- [REQUIRED WORK]: Go to the line with "4x 407005642R Reifendrucksensor" in the material below and copy from there through the line with "Monoambiente divisible en", exactly. Pictures are not copied.

- [SUPPLIED RECORDS]:

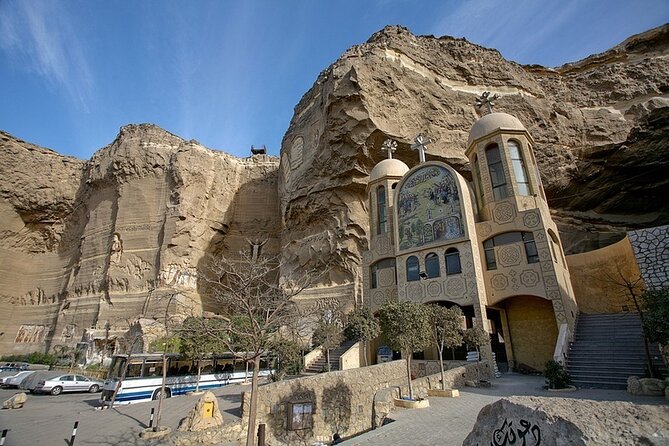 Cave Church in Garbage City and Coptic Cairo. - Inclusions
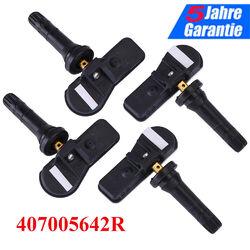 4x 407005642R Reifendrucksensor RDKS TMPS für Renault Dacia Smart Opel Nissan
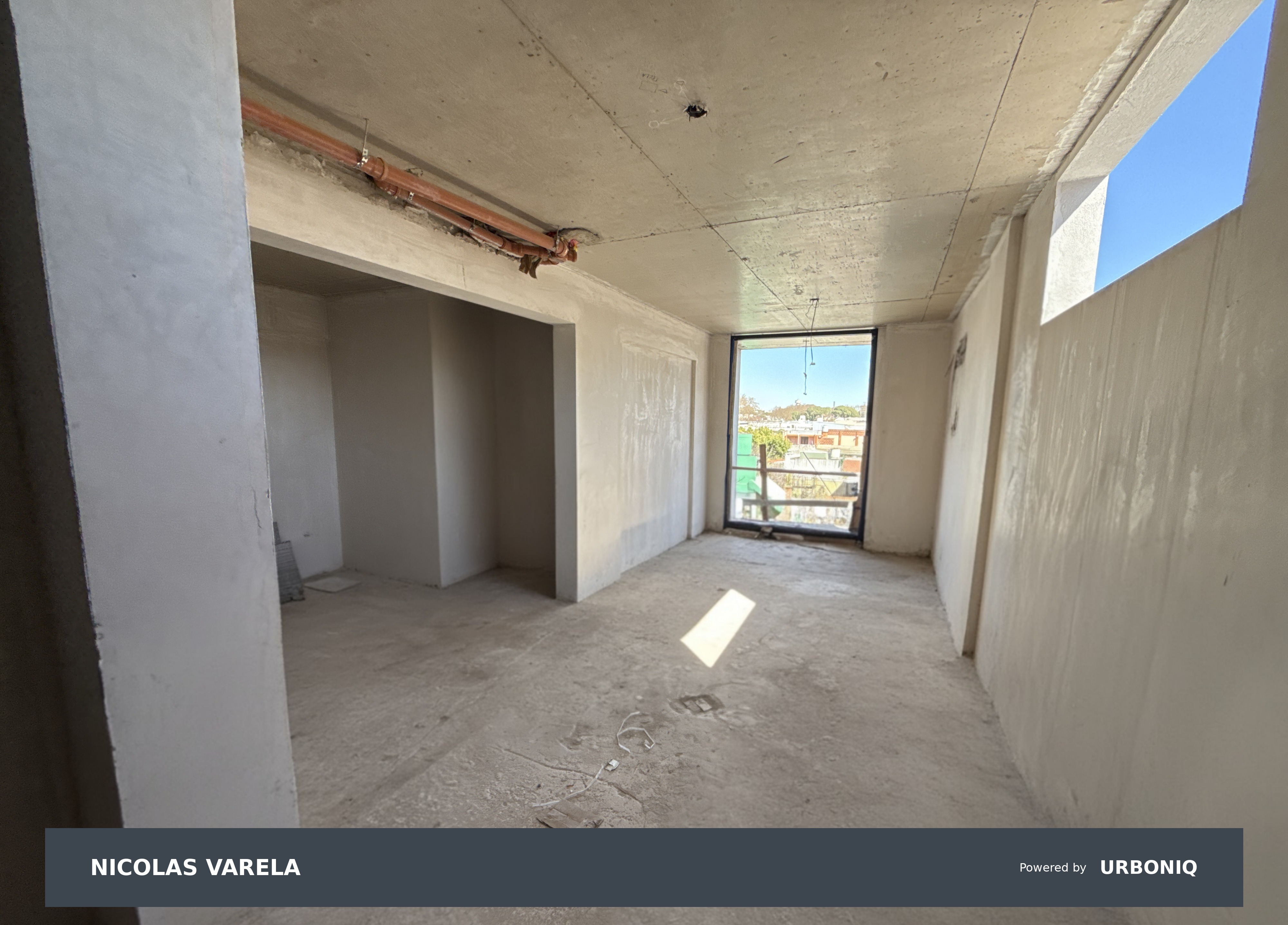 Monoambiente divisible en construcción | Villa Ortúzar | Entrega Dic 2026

...

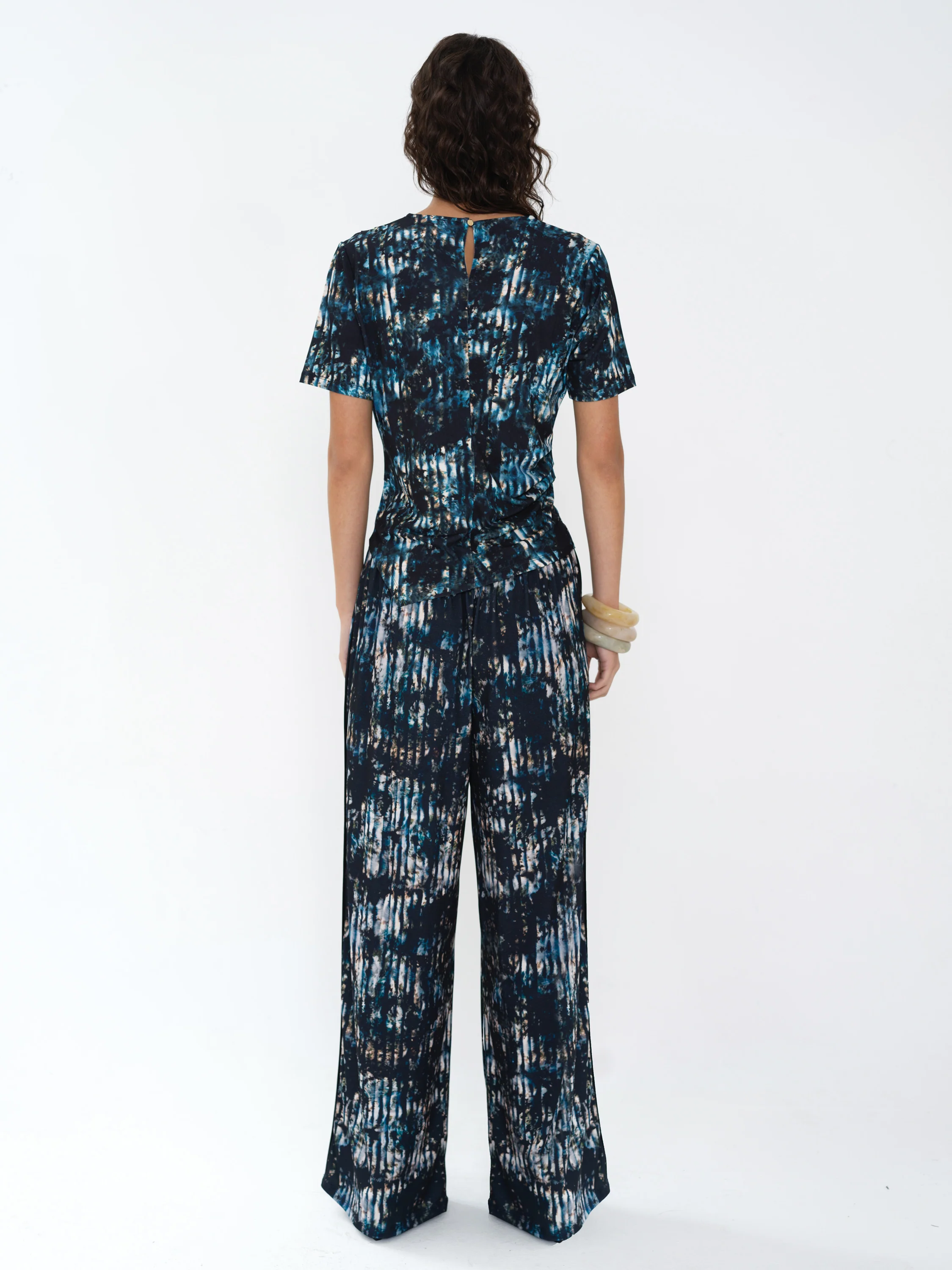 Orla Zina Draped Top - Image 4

* * *

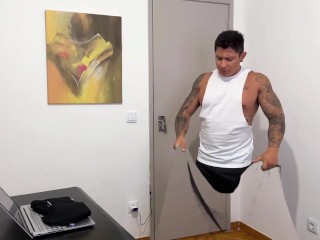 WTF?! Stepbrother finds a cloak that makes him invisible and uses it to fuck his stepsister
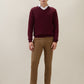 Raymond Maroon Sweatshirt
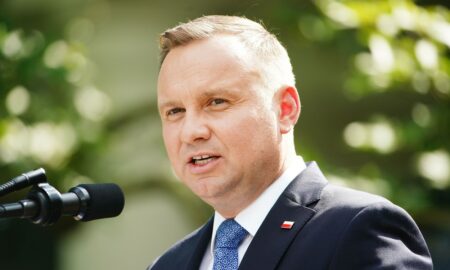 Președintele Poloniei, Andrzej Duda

- [ANSWER SECTION]:
 4x 407005642R Reifendrucksensor RDKS TMPS für Renault Dacia Smart Opel Nissan
 Monoambiente divisible en construcción | Villa Ortúzar | Entrega Dic 2026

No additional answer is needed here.